- Opening Delimiter -
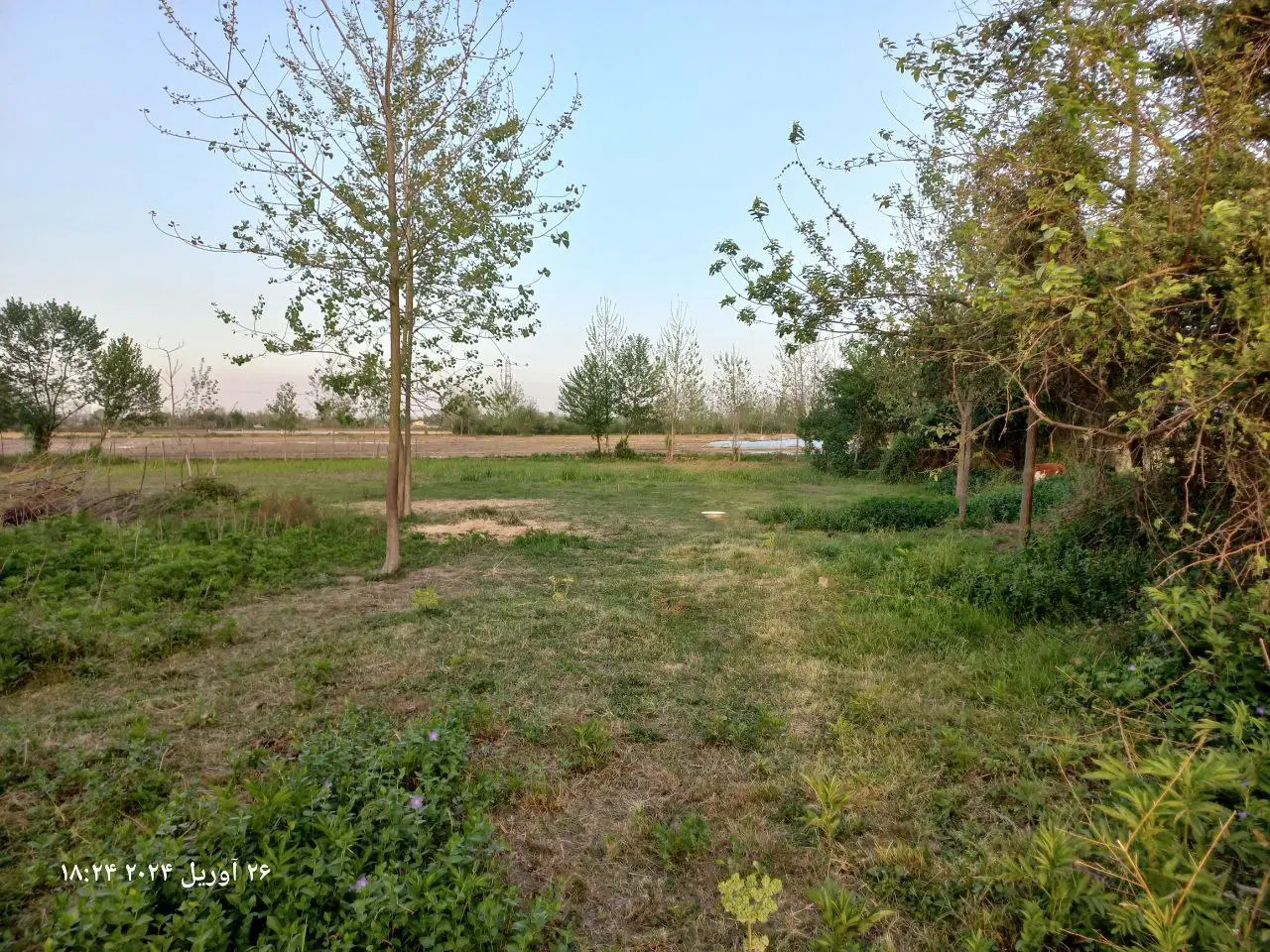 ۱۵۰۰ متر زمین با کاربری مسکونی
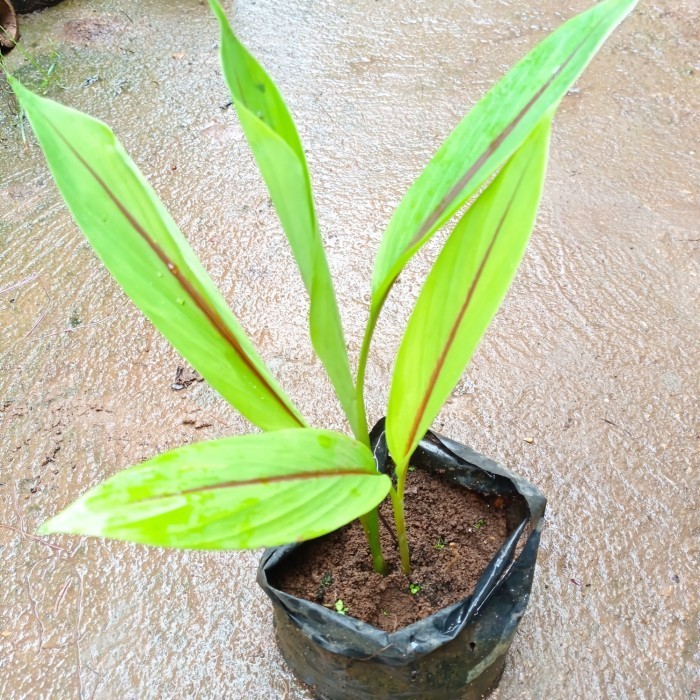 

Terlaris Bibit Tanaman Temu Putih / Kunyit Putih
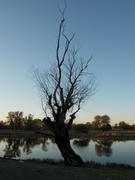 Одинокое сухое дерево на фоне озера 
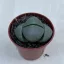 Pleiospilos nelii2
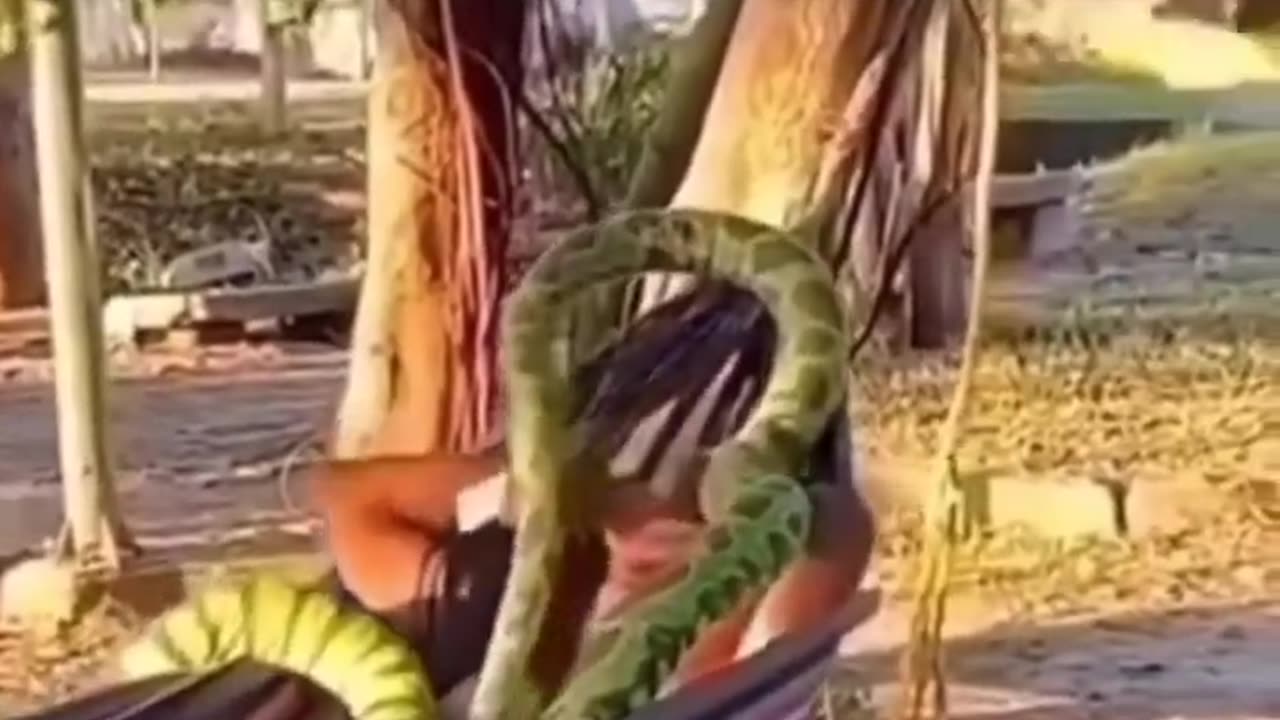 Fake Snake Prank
- Closing Delimiter -
[WHAT YOU ARE ASKED TO DO]: When you copy the records above, keep every word exact but leave out the pictures.

[SOLVED PROBLEM]:
 ۱۵۰۰ متر زمین با کاربری مسکونی

Terlaris Bibit Tanaman Temu Putih / Kunyit Putih
 Одинокое сухое дерево на фоне озера 
 Pleiospilos nelii2
 Fake Snake Prank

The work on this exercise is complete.